* What is being asked
Where does the string "Leather" occur in the entries below? Copy every line where it does.

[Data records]
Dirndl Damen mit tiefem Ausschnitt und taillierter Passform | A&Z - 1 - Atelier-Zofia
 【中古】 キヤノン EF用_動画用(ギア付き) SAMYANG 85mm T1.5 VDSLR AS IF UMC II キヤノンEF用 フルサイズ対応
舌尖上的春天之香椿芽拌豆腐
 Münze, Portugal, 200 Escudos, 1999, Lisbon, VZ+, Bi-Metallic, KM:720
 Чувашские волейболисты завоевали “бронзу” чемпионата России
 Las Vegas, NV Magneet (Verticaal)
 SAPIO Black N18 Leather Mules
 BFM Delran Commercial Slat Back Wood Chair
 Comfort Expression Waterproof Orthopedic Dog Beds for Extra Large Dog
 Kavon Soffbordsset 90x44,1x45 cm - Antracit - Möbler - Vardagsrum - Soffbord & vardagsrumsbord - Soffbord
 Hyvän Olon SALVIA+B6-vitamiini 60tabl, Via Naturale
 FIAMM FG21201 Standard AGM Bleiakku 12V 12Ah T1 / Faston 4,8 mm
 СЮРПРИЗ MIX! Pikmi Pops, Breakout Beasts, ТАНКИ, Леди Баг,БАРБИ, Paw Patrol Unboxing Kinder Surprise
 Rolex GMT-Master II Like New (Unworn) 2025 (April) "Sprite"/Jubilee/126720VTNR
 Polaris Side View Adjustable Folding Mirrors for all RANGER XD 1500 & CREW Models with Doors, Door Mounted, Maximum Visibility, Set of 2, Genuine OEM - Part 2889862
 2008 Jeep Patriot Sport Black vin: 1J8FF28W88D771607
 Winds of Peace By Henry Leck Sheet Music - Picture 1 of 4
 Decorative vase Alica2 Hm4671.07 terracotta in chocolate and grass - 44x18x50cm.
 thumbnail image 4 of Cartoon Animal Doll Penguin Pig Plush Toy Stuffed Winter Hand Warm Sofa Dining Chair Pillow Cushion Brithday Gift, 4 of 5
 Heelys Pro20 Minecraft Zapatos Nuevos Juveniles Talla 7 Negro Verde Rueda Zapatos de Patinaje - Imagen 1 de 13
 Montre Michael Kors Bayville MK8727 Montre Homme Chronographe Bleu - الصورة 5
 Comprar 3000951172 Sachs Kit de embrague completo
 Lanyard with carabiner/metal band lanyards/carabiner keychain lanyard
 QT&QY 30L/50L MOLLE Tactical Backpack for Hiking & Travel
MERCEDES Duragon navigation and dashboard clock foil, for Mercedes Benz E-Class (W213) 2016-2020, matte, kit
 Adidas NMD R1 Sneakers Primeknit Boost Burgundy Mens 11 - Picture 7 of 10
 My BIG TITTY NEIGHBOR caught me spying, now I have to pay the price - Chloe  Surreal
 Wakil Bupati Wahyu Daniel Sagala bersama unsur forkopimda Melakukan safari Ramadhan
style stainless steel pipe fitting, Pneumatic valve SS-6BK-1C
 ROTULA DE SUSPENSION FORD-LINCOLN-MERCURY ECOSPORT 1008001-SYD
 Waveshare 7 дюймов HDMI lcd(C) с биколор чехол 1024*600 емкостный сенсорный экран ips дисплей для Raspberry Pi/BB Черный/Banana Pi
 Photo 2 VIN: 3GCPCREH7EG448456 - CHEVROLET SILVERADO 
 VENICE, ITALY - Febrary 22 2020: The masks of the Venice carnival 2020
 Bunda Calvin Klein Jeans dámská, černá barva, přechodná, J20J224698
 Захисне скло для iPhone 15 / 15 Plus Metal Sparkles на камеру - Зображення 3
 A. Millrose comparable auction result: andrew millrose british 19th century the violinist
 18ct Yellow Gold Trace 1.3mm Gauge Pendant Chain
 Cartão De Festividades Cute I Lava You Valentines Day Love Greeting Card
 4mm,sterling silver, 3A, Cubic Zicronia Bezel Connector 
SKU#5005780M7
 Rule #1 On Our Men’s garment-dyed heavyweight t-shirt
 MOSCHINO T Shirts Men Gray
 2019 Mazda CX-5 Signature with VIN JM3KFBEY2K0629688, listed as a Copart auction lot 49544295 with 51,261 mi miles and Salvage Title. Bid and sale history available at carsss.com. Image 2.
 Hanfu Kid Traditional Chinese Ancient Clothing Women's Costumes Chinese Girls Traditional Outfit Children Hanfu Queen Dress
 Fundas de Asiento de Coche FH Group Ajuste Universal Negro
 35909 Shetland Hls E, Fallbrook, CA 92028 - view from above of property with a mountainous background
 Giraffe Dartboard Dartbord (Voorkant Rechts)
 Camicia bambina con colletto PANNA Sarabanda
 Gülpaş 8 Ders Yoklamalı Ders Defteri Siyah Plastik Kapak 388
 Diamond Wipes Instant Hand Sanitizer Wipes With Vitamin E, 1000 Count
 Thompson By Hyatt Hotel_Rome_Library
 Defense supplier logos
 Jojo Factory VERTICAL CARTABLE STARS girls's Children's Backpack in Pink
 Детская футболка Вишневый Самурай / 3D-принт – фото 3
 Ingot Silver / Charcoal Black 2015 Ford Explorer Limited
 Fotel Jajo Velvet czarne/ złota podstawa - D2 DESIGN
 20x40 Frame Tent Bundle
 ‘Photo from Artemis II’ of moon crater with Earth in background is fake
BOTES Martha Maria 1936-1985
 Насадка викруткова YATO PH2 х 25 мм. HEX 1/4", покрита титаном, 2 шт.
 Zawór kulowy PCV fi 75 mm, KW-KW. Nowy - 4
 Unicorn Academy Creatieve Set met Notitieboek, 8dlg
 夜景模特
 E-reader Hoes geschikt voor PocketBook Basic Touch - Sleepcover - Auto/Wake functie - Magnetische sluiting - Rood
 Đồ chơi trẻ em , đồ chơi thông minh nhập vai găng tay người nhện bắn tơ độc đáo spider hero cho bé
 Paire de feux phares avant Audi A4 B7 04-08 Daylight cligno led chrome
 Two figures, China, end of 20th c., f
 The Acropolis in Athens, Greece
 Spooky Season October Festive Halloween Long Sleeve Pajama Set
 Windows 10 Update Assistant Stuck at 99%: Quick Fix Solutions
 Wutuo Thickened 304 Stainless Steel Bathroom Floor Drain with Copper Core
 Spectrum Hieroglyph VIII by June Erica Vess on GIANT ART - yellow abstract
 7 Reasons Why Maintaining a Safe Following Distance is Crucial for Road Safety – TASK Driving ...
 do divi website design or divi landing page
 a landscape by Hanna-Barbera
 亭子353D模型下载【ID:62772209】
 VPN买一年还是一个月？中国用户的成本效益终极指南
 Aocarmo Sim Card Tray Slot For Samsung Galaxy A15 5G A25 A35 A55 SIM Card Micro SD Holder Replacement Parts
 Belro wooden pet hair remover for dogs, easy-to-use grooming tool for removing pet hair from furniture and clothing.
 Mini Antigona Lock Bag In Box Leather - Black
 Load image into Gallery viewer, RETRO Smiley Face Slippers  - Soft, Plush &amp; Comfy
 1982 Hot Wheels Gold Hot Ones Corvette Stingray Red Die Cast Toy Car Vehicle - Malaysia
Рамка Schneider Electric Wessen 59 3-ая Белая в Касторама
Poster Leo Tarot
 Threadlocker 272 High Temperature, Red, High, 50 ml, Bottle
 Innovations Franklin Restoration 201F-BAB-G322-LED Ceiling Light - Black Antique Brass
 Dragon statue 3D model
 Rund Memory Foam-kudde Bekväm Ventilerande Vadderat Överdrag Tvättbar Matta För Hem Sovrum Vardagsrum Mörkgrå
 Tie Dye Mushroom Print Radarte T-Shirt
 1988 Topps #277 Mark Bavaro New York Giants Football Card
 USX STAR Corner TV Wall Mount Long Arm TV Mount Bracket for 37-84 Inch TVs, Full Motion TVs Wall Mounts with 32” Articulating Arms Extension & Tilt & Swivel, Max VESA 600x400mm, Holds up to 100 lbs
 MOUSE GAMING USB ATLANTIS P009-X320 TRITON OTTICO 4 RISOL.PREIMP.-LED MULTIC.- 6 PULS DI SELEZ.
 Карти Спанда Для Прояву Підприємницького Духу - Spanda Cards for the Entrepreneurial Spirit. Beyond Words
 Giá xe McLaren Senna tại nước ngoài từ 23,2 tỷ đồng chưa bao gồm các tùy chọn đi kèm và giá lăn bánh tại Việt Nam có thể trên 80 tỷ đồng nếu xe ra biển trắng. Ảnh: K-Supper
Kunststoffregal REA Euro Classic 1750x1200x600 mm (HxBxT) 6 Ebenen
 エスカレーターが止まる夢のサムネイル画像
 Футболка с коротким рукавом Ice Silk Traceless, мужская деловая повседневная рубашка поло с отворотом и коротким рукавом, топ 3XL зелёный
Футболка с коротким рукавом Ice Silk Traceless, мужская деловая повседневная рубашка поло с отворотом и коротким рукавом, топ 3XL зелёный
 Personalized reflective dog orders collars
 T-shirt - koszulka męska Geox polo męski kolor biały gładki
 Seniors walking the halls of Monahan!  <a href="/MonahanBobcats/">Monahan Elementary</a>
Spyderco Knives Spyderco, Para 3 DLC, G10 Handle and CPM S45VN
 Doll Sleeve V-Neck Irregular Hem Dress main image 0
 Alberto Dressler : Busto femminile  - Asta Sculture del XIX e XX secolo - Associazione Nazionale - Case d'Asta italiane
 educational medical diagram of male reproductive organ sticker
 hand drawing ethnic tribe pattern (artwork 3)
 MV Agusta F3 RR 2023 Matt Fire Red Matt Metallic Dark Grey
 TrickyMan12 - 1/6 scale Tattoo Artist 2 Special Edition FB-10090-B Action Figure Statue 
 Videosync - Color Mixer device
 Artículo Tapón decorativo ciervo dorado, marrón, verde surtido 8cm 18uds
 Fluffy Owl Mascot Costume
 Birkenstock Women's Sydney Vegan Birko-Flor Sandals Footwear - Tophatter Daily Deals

* Solution to this task
 SAPIO Black N18 Leather Mules
 Mini Antigona Lock Bag In Box Leather - Black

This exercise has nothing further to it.